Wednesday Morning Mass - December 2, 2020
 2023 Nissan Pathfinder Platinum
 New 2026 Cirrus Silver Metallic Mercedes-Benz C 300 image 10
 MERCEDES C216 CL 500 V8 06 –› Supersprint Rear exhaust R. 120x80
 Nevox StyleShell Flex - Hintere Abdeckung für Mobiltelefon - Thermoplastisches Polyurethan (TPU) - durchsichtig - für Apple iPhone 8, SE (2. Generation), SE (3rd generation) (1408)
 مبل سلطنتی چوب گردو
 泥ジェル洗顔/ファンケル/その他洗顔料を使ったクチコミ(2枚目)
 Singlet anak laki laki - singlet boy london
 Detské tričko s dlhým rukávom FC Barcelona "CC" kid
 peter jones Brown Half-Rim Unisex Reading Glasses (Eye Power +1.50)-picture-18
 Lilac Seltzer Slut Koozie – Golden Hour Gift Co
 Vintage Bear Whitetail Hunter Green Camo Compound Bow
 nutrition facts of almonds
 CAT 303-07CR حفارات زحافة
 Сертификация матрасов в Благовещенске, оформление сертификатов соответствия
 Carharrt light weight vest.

• **Exercise instructions**: Retype all of the records above, keeping them identical.

• **Response for this exercise**:
Wednesday Morning Mass - December 2, 2020
 2023 Nissan Pathfinder Platinum
 New 2026 Cirrus Silver Metallic Mercedes-Benz C 300 image 10
 MERCEDES C216 CL 500 V8 06 –› Supersprint Rear exhaust R. 120x80
 Nevox StyleShell Flex - Hintere Abdeckung für Mobiltelefon - Thermoplastisches Polyurethan (TPU) - durchsichtig - für Apple iPhone 8, SE (2. Generation), SE (3rd generation) (1408)
 مبل سلطنتی چوب گردو
 泥ジェル洗顔/ファンケル/その他洗顔料を使ったクチコミ(2枚目)
 Singlet anak laki laki - singlet boy london
 Detské tričko s dlhým rukávom FC Barcelona "CC" kid
 peter jones Brown Half-Rim Unisex Reading Glasses (Eye Power +1.50)-picture-18
 Lilac Seltzer Slut Koozie – Golden Hour Gift Co
 Vintage Bear Whitetail Hunter Green Camo Compound Bow
 nutrition facts of almonds
 CAT 303-07CR حفارات زحافة
 Сертификация матрасов в Благовещенске, оформление сертификатов соответствия
 Carharrt light weight vest.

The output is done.